» REQUIRED WORK:
In the records below, find the line with "t7.200 full opcja", then retype it and every following line exactly, stopping after the line with "Broche Chanel Automne 1997". Leave the pictures out.
[[ RECORDS SUPPLIED open ]]
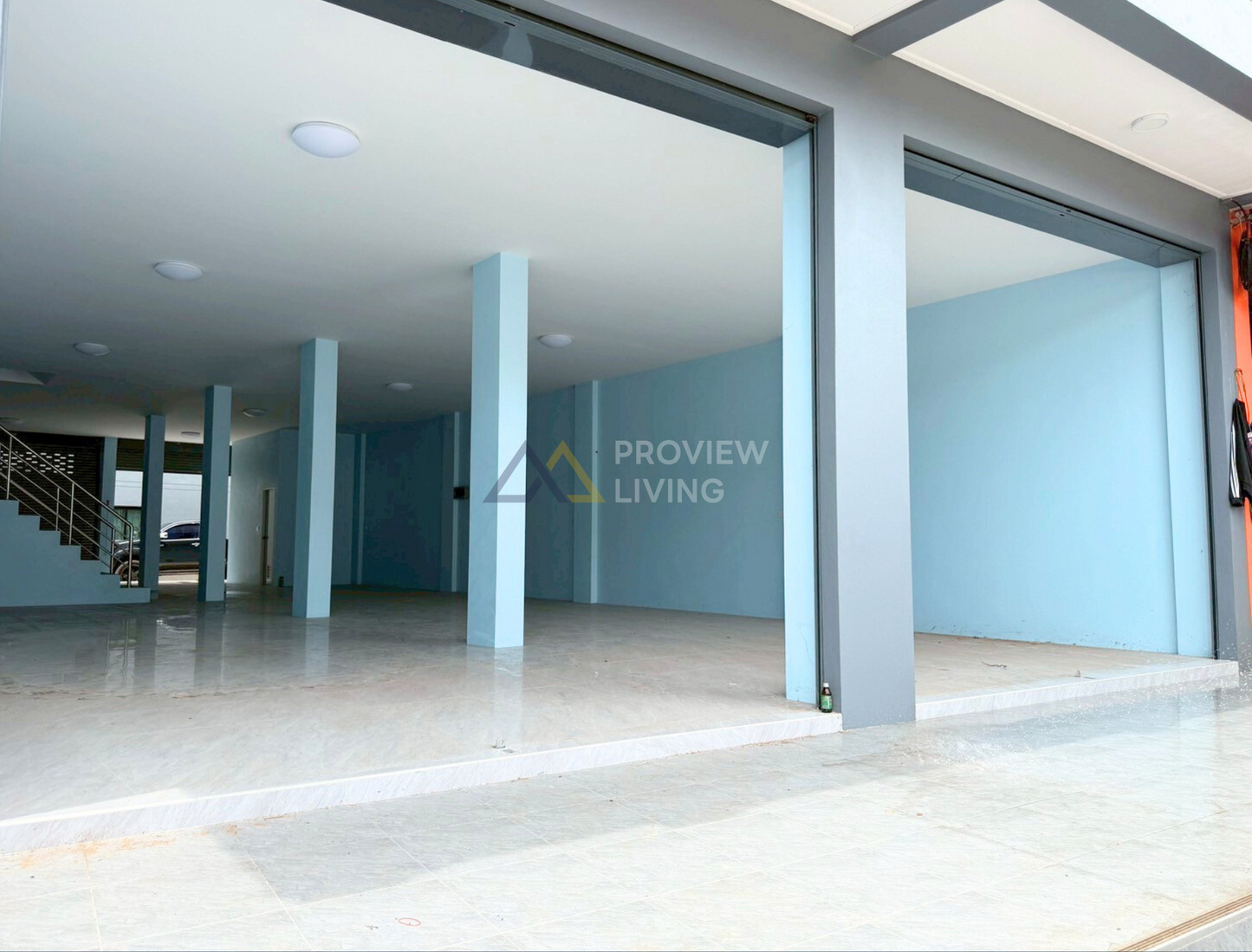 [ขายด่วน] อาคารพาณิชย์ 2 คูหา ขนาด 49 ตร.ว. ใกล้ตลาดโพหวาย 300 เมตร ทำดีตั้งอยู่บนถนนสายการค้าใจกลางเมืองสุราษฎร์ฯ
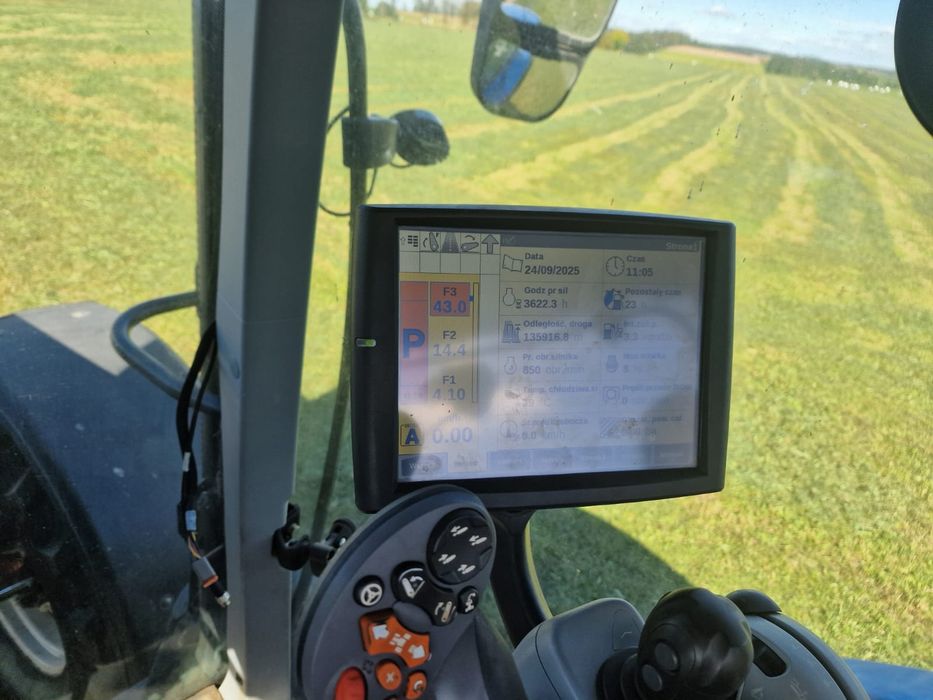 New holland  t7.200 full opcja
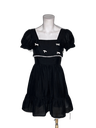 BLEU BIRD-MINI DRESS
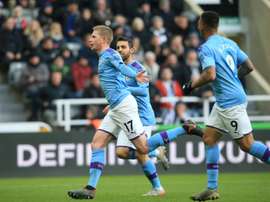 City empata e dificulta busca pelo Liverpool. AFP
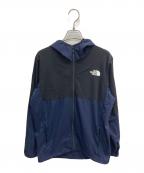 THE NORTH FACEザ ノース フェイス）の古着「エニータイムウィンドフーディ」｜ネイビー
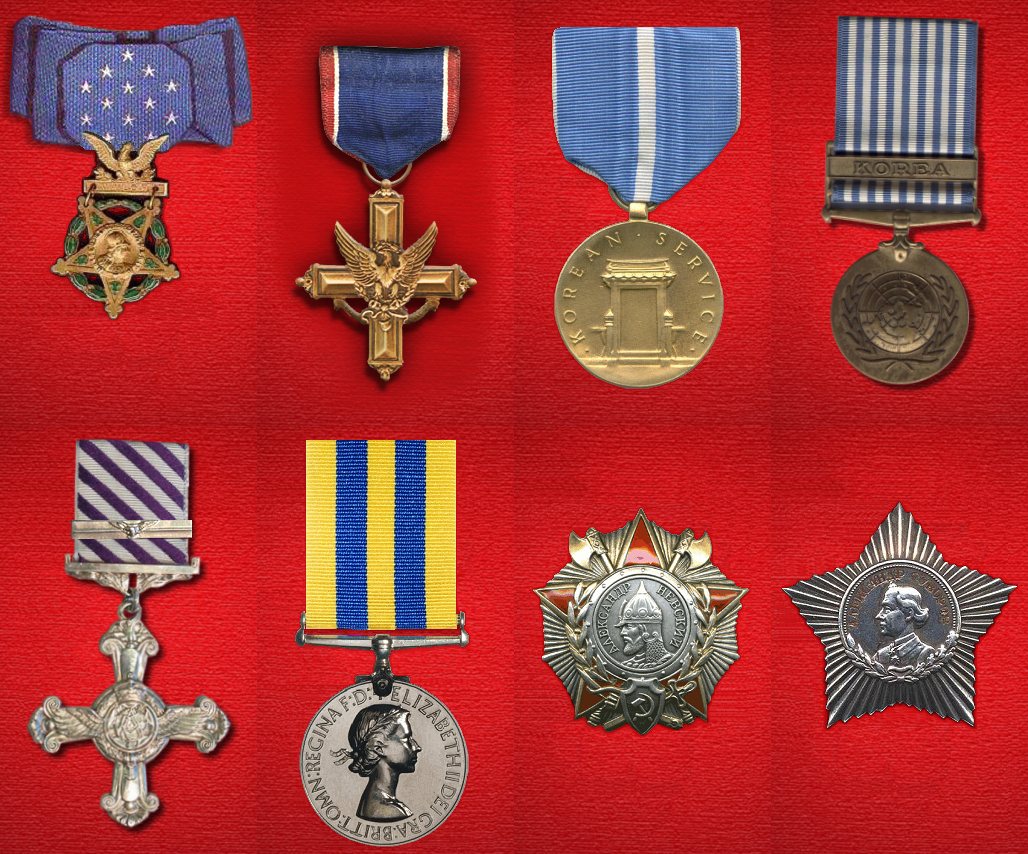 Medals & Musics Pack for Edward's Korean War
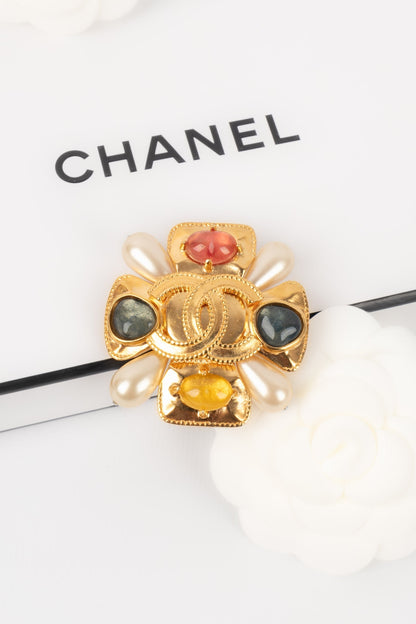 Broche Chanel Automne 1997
[[ RECORDS SUPPLIED closed ]]
[[ RECORDS SUPPLIED open ]]
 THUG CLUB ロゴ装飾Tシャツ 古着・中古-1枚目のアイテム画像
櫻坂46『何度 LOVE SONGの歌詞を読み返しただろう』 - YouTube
[[ RECORDS SUPPLIED closed ]]
» RESPONSE FOR THIS EXERCISE:
 New holland  t7.200 full opcja
 BLEU BIRD-MINI DRESS
 City empata e dificulta busca pelo Liverpool. AFP
 THE NORTH FACEザ ノース フェイス）の古着「エニータイムウィンドフーディ」｜ネイビー
 Medals & Musics Pack for Edward's Korean War
 Broche Chanel Automne 1997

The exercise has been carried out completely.